Each cycle is different, but the economy has always added jobs heading into the Fed pause. 250k jobs gained each month is not necessarily a sign of a uniquely resilient job market - it’s how jobs always behave at this point in a tightening cycle.

 

Since we know job losses usually don’t occur until after the Fed starts cutting rates, I don’t understand the fascination with this as a leading indicator? There are clearly different dynamics at play this time, but I am not fully buying the JOLTs graph. I know everyone loves to say, “There are 1.7 job openings for every unemployed American”, but are there? Is that measure accurate? These companies must be surviving somehow with all those vacancies.

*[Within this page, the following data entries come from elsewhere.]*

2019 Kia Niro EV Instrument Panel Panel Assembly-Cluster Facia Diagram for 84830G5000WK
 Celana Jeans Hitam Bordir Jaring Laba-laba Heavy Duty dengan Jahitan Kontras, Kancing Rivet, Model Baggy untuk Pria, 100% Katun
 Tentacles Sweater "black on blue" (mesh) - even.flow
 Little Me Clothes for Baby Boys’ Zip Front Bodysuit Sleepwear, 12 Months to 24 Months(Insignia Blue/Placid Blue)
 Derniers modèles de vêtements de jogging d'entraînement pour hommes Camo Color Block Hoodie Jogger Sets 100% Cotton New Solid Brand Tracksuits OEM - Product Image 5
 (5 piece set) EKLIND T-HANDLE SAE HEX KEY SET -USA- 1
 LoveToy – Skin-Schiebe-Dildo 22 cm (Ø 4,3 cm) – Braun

I can’t help but wonder if some % of these are zombie openings.

 

 

Focusing on a data point that is a terrible leading indicator increases the odds of overdoing it and putting us into a worse recession than we would otherwise experience. I think there’s a chance at some point later this year the Fed will say, “Hey, it’s working, inflation is trending lower. We are going to drop rates by 0.50%-1.00% and then pause again.”

 

Letting a little slack out could extend the expansion and would potentially mimic the only soft landing the Fed has ever achieved (1995). After the tightening cycle ended, the Fed pretty quickly backed out 0.75% and avoided the classic slash and burn cycle.

 

Yet for now, the Fed is sticking to the “higher for longer” mantra. And if we’ve learned anything, it’s that we can’t listen to Fed-speak for accurate guidance on policy changes. The Fed won’t be talking about cutting until the moment before it cuts.

 

Week Ahead

 

The FOMC rate decision on Wednesday is the obvious driver this week, but Friday brings the next job report, too.

 

Honestly, the only thing that matters is Sunday’s Eagles Niners game. I will be there, and then will fly to NMHC.